30 mai 2007 Paru dans le N°302 à la page 67 ( mots)
Rédigé par : Claude DELPORTE

L?élimination de l'azote des effluents industriels peut être réalisée efficacement par voies biologiques ; bien maîtrisés, les processus de nitrification et dénitrification sont stables et performants. Le procédé traitement biologique mis en ?uvre par Ondeo Industrial Solutions, Groupe Suez, autorise des rendements d'élimination de l'azote et du carbone très élevés conduisant à une qualité d'eau traitée excellente qui répond parfaitement aux exigences sévères imposées par les normes pour un rejet en rivière.

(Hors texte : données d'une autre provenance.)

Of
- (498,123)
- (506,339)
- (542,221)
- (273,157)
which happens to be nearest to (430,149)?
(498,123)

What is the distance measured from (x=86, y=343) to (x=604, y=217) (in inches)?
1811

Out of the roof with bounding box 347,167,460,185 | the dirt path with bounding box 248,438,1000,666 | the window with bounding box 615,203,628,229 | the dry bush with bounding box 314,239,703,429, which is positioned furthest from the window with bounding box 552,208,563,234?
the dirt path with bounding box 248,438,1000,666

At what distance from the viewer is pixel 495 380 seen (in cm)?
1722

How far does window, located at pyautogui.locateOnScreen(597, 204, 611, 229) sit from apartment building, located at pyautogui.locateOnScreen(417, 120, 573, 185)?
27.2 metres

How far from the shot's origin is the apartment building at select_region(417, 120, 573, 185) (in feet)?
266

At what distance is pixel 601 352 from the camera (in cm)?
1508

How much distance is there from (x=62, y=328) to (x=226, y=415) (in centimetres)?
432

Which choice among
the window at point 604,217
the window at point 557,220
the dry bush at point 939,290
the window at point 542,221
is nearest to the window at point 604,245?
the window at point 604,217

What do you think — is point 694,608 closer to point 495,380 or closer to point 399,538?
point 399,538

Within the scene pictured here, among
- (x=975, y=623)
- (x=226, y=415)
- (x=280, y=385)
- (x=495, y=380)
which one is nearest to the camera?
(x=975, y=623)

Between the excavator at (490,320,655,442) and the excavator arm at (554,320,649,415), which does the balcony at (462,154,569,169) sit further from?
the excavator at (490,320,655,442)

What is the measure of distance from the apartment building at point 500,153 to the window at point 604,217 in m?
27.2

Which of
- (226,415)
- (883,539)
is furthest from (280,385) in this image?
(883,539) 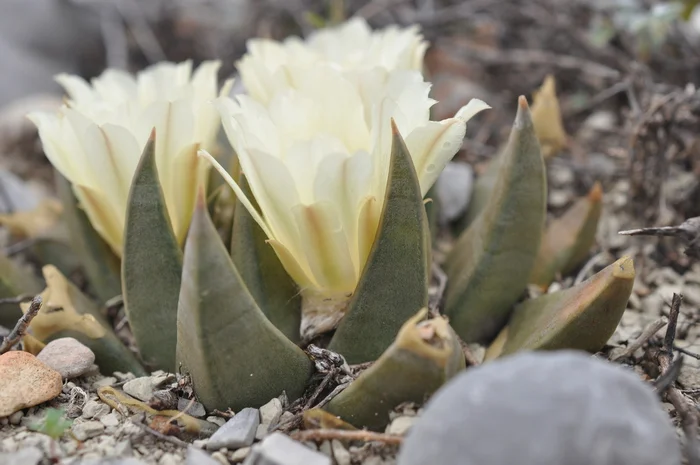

Le procédé traitement biologique mis en œuvre par Ondeo Industrial Solutions, Groupe Suez, autorise des rendements d’élimination de l’azote et du carbone très élevés conduisant à une qualité d’eau traitée excellente qui répond parfaitement aux exigences sévères imposées par les normes pour un rejet en rivière.

La pollution azotée des effluents industriels se trouve principalement sous forme dissoute (N/NH₄⁺, protéines, amides, amines, etc.) et sous forme particulaire.

L’azote dans les effluents industriels

La composition des effluents en nutriments nécessaires à la vie bactérienne (carbone, azote, phosphore) est rarement équilibrée. Un complément peut être nécessaire ou la mise en œuvre de traitements spécifiques peut s’imposer.

Les procédés de traitement physico-chimique pour l’élimination de l’azote particulaire et biologique pour les formes solubles sont généralement bien adaptés.

Le traitement biologique par nitrification/dénitrification est très performant dans la mesure où l’azote est biodégradable et que les effluents ne contiennent pas de composés toxiques ou inhibiteurs à des concentrations supérieures aux seuils acceptables pour l’activité biologique.

Théorie de l’élimination biologique de l’azote

Cycle de l’azote

Dans les eaux résiduaires, l’azote est essentiellement présent sous forme organique et ammoniacale.

Dans une station d’épuration qui serait conçue pour éliminer l’azote, le cycle pourrait être schématisé de la façon suivante :

N organique et ammoniacal → eau brute → NH₄⁺ → NO₂⁻ → NO₃⁻ → N₂O → N₂  
                                                        nitrification      dénitrification  
                              assimilation  
                              azote partant dans les boues en excès (synthèse bactérienne)

Nous voyons donc que l’élimination de l'azote fera intervenir quatre phénomènes :

  • ammonification : transformation de l'azote organique en azote ammoniacal,
  • assimilation : utilisation d’une partie de l'azote ammoniacal et éventuellement organique pour la synthèse bactérienne,
  • nitrification : oxydation de l'azote ammoniacal en nitrites et nitrates,
  • dénitrification : réduction des nitrates en azote gazeux qui retournera ainsi sous sa forme primitive dans l'atmosphère.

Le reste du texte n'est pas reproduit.